GOAL OF THE EXERCISE:
Below is a listing; print exactly its lines from the one containing "Merry Christmas From" down to the one containing "Daily Wages /", both inclusive, with every picture left out.

DATA RECORDS:
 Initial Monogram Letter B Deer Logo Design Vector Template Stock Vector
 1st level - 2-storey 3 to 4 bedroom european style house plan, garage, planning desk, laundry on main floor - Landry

...

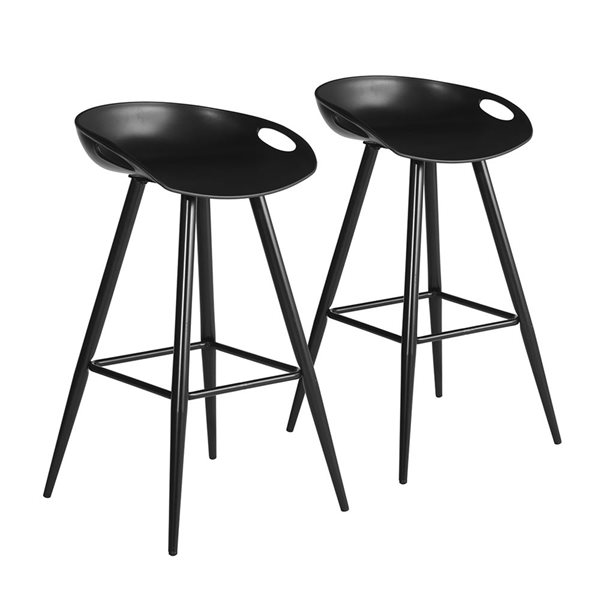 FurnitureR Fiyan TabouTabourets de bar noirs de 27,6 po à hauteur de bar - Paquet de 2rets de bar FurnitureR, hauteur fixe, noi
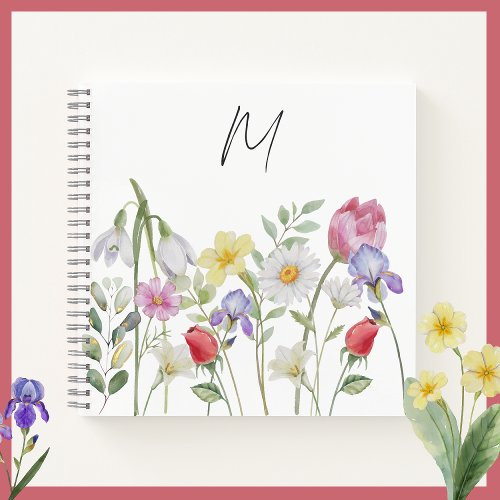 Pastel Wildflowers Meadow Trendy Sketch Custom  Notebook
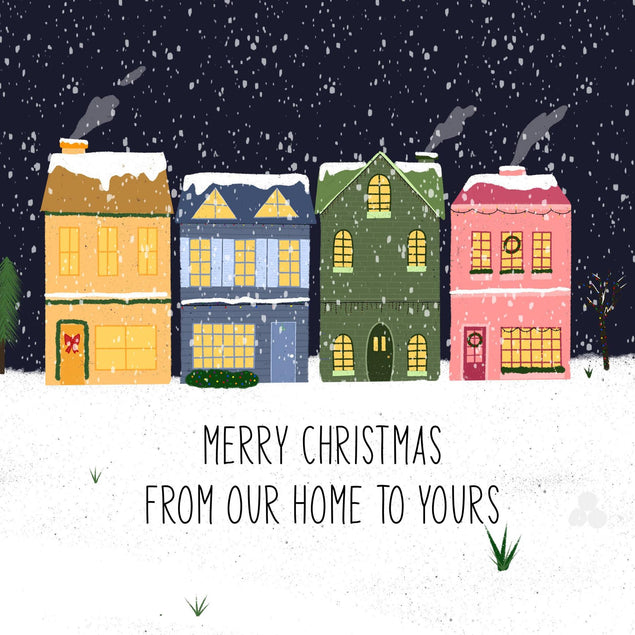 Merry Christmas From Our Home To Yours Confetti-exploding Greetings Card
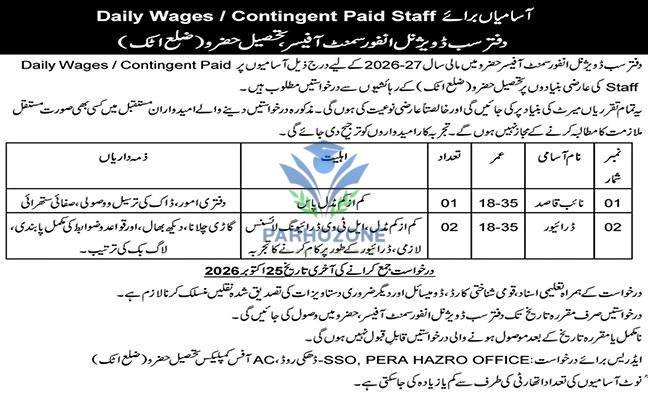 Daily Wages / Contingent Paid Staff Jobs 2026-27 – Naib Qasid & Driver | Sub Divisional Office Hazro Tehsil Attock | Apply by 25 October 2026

---

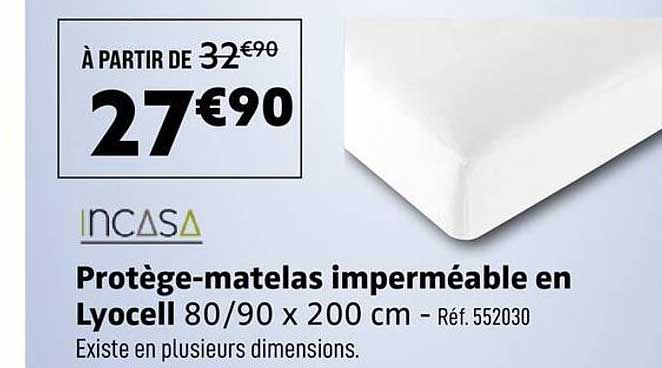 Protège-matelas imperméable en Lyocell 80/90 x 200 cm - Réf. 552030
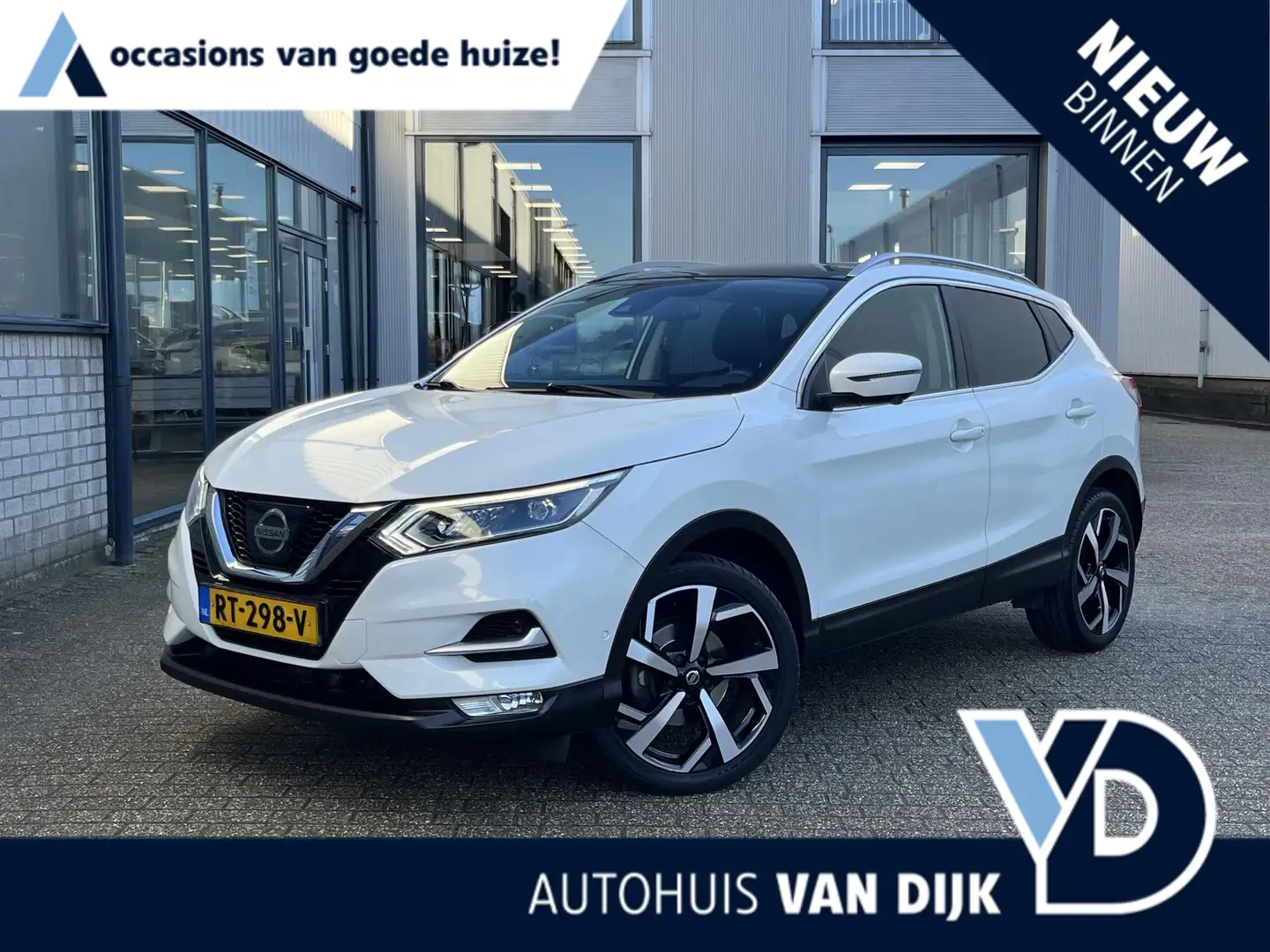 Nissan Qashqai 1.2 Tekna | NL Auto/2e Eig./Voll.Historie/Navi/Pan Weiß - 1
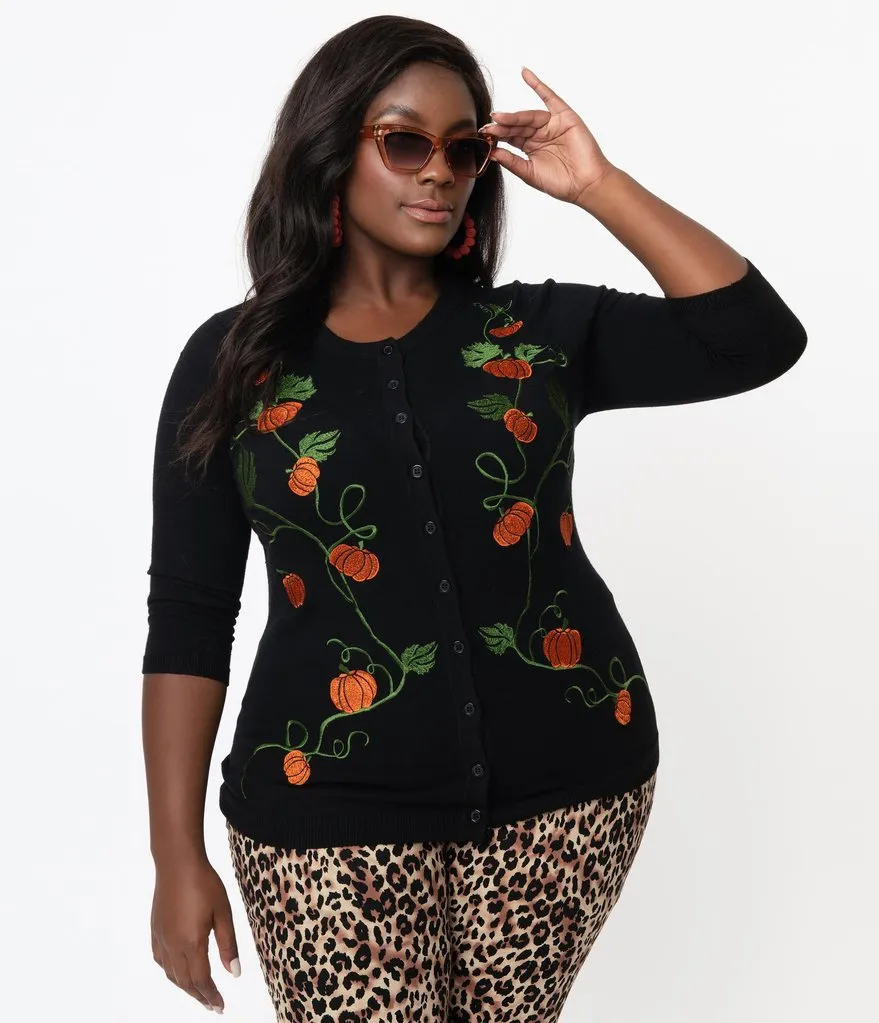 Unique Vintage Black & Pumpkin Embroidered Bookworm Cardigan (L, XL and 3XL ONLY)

TASK ANSWER:
 Merry Christmas From Our Home To Yours Confetti-exploding Greetings Card
 Daily Wages / Contingent Paid Staff Jobs 2026-27 – Naib Qasid & Driver | Sub Divisional Office Hazro Tehsil Attock | Apply by 25 October 2026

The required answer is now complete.